■ Problem description
Word for word, transcribe every line below.

[Stored dataset items]
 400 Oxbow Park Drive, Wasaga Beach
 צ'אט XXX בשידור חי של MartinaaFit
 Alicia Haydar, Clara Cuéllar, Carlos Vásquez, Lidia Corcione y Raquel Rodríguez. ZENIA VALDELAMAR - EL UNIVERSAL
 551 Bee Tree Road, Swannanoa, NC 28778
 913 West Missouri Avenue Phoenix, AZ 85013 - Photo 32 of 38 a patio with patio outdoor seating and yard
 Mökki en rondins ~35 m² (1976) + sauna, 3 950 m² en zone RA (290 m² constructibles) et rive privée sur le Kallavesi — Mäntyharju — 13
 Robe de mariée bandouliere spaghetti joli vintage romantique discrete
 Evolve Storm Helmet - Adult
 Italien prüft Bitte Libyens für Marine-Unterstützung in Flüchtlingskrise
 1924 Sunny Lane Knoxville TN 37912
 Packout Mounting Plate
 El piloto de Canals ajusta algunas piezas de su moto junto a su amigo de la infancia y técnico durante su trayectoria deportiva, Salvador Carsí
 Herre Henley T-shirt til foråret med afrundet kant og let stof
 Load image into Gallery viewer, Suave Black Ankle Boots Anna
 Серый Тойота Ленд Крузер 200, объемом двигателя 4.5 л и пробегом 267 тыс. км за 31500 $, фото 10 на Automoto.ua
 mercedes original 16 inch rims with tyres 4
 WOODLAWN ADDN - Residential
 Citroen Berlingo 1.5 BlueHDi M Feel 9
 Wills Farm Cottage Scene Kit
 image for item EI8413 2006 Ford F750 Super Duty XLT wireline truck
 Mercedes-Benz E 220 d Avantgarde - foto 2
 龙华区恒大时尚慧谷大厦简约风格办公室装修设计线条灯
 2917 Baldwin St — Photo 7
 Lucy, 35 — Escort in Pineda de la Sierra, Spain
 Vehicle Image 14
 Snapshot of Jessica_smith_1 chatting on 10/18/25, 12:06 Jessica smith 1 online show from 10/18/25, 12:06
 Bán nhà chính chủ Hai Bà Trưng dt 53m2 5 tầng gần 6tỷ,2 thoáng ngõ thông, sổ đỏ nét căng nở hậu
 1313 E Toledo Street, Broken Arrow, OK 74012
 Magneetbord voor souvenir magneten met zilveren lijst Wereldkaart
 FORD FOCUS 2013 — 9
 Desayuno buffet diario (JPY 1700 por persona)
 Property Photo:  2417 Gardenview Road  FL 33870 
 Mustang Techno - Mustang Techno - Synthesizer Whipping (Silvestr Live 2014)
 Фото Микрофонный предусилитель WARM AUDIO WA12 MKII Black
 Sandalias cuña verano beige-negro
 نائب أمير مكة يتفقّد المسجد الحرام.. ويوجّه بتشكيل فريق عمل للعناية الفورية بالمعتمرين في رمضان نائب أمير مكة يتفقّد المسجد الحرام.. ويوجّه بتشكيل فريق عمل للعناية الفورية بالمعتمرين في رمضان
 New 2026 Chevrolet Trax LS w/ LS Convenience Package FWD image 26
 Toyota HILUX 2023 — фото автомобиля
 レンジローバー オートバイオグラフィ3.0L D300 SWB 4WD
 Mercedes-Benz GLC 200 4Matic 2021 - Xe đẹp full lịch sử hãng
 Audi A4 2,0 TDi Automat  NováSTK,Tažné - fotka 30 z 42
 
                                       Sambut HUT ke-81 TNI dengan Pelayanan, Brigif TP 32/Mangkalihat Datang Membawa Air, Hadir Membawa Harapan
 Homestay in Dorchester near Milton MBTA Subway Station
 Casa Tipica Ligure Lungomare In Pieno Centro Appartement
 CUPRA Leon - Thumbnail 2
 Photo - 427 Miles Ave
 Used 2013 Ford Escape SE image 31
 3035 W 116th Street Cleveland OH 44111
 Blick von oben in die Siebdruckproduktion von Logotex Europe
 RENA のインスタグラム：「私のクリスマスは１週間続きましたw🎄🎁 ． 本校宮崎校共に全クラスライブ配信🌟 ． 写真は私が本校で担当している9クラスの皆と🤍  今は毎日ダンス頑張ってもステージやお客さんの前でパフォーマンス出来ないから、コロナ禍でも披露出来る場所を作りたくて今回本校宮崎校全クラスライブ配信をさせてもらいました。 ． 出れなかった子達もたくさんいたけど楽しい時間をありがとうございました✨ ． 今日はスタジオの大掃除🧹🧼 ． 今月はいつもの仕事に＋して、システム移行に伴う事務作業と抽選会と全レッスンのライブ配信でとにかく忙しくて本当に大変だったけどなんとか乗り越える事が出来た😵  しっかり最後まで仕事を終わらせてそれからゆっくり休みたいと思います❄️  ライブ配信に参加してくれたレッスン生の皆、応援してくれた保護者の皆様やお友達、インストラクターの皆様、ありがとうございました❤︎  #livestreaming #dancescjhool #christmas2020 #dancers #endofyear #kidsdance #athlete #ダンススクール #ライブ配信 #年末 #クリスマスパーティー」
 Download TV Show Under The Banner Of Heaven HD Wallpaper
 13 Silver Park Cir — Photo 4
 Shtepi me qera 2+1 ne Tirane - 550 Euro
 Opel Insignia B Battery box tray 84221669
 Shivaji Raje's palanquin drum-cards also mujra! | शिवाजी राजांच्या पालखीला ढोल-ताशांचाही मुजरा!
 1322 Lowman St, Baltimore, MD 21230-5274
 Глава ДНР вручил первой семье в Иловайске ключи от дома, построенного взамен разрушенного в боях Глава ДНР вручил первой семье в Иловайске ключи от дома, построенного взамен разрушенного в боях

■ Exercise response
 400 Oxbow Park Drive, Wasaga Beach
 צ'אט XXX בשידור חי של MartinaaFit
 Alicia Haydar, Clara Cuéllar, Carlos Vásquez, Lidia Corcione y Raquel Rodríguez. ZENIA VALDELAMAR - EL UNIVERSAL
 551 Bee Tree Road, Swannanoa, NC 28778
 913 West Missouri Avenue Phoenix, AZ 85013 - Photo 32 of 38 a patio with patio outdoor seating and yard
 Mökki en rondins ~35 m² (1976) + sauna, 3 950 m² en zone RA (290 m² constructibles) et rive privée sur le Kallavesi — Mäntyharju — 13
 Robe de mariée bandouliere spaghetti joli vintage romantique discrete
 Evolve Storm Helmet - Adult
 Italien prüft Bitte Libyens für Marine-Unterstützung in Flüchtlingskrise
 1924 Sunny Lane Knoxville TN 37912
 Packout Mounting Plate
 El piloto de Canals ajusta algunas piezas de su moto junto a su amigo de la infancia y técnico durante su trayectoria deportiva, Salvador Carsí
 Herre Henley T-shirt til foråret med afrundet kant og let stof
 Load image into Gallery viewer, Suave Black Ankle Boots Anna
 Серый Тойота Ленд Крузер 200, объемом двигателя 4.5 л и пробегом 267 тыс. км за 31500 $, фото 10 на Automoto.ua
 mercedes original 16 inch rims with tyres 4
 WOODLAWN ADDN - Residential
 Citroen Berlingo 1.5 BlueHDi M Feel 9
 Wills Farm Cottage Scene Kit
 image for item EI8413 2006 Ford F750 Super Duty XLT wireline truck
 Mercedes-Benz E 220 d Avantgarde - foto 2
 龙华区恒大时尚慧谷大厦简约风格办公室装修设计线条灯
 2917 Baldwin St — Photo 7
 Lucy, 35 — Escort in Pineda de la Sierra, Spain
 Vehicle Image 14
 Snapshot of Jessica_smith_1 chatting on 10/18/25, 12:06 Jessica smith 1 online show from 10/18/25, 12:06
 Bán nhà chính chủ Hai Bà Trưng dt 53m2 5 tầng gần 6tỷ,2 thoáng ngõ thông, sổ đỏ nét căng nở hậu
 1313 E Toledo Street, Broken Arrow, OK 74012
 Magneetbord voor souvenir magneten met zilveren lijst Wereldkaart
 FORD FOCUS 2013 — 9
 Desayuno buffet diario (JPY 1700 por persona)
 Property Photo:  2417 Gardenview Road  FL 33870 
 Mustang Techno - Mustang Techno - Synthesizer Whipping (Silvestr Live 2014)
 Фото Микрофонный предусилитель WARM AUDIO WA12 MKII Black
 Sandalias cuña verano beige-negro
 نائب أمير مكة يتفقّد المسجد الحرام.. ويوجّه بتشكيل فريق عمل للعناية الفورية بالمعتمرين في رمضان نائب أمير مكة يتفقّد المسجد الحرام.. ويوجّه بتشكيل فريق عمل للعناية الفورية بالمعتمرين في رمضان
 New 2026 Chevrolet Trax LS w/ LS Convenience Package FWD image 26
 Toyota HILUX 2023 — фото автомобиля
 レンジローバー オートバイオグラフィ3.0L D300 SWB 4WD
 Mercedes-Benz GLC 200 4Matic 2021 - Xe đẹp full lịch sử hãng
 Audi A4 2,0 TDi Automat  NováSTK,Tažné - fotka 30 z 42
 
                                       Sambut HUT ke-81 TNI dengan Pelayanan, Brigif TP 32/Mangkalihat Datang Membawa Air, Hadir Membawa Harapan
 Homestay in Dorchester near Milton MBTA Subway Station
 Casa Tipica Ligure Lungomare In Pieno Centro Appartement
 CUPRA Leon - Thumbnail 2
 Photo - 427 Miles Ave
 Used 2013 Ford Escape SE image 31
 3035 W 116th Street Cleveland OH 44111
 Blick von oben in die Siebdruckproduktion von Logotex Europe
 RENA のインスタグラム：「私のクリスマスは１週間続きましたw🎄🎁 ． 本校宮崎校共に全クラスライブ配信🌟 ． 写真は私が本校で担当している9クラスの皆と🤍  今は毎日ダンス頑張ってもステージやお客さんの前でパフォーマンス出来ないから、コロナ禍でも披露出来る場所を作りたくて今回本校宮崎校全クラスライブ配信をさせてもらいました。 ． 出れなかった子達もたくさんいたけど楽しい時間をありがとうございました✨ ． 今日はスタジオの大掃除🧹🧼 ． 今月はいつもの仕事に＋して、システム移行に伴う事務作業と抽選会と全レッスンのライブ配信でとにかく忙しくて本当に大変だったけどなんとか乗り越える事が出来た😵  しっかり最後まで仕事を終わらせてそれからゆっくり休みたいと思います❄️  ライブ配信に参加してくれたレッスン生の皆、応援してくれた保護者の皆様やお友達、インストラクターの皆様、ありがとうございました❤︎  #livestreaming #dancescjhool #christmas2020 #dancers #endofyear #kidsdance #athlete #ダンススクール #ライブ配信 #年末 #クリスマスパーティー」
 Download TV Show Under The Banner Of Heaven HD Wallpaper
 13 Silver Park Cir — Photo 4
 Shtepi me qera 2+1 ne Tirane - 550 Euro
 Opel Insignia B Battery box tray 84221669
 Shivaji Raje's palanquin drum-cards also mujra! | शिवाजी राजांच्या पालखीला ढोल-ताशांचाही मुजरा!
 1322 Lowman St, Baltimore, MD 21230-5274
 Глава ДНР вручил первой семье в Иловайске ключи от дома, построенного взамен разрушенного в боях Глава ДНР вручил первой семье в Иловайске ключи от дома, построенного взамен разрушенного в боях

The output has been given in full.